** EXERCISE OBJECTIVE **
A word-for-word copy of the data, with no images, is the required answer.

━━━━━ EXERCISE MATERIALS ━━━━━

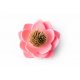 Suport Scobitori LOTUS Alb - Roz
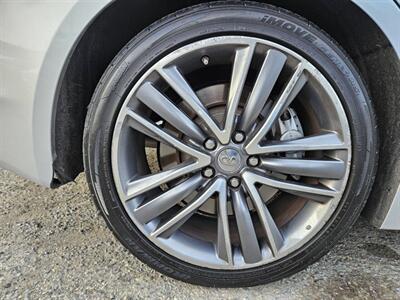 2014 INFINITI Q50 Sport 4dr Sedan - Photo 33 - Richmond, CA 94804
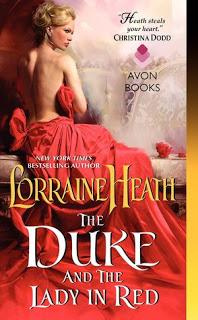 The Duke and the Lady in Red de Lorraine Heath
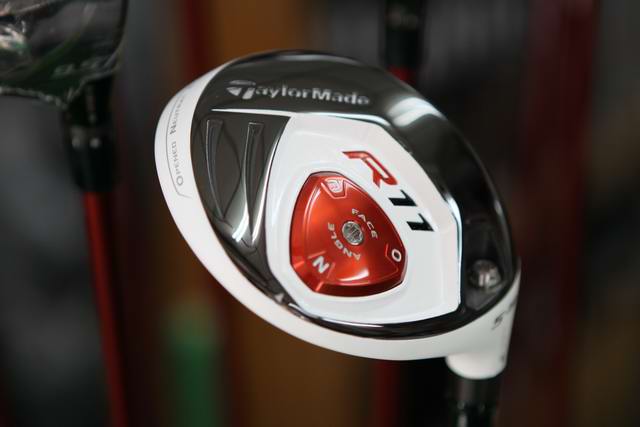 Fairway Wood Taylormade R11 Fujikura Motore 55 (JP)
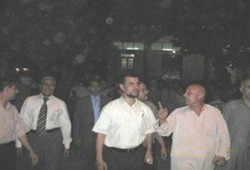 بدر الدين يتقدم ببلاغ ضد نائب الوطني البلطجي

━━━━━

** TASK ANSWER **
 Suport Scobitori LOTUS Alb - Roz
 2014 INFINITI Q50 Sport 4dr Sedan - Photo 33 - Richmond, CA 94804
 The Duke and the Lady in Red de Lorraine Heath
 Fairway Wood Taylormade R11 Fujikura Motore 55 (JP)
 بدر الدين يتقدم ببلاغ ضد نائب الوطني البلطجي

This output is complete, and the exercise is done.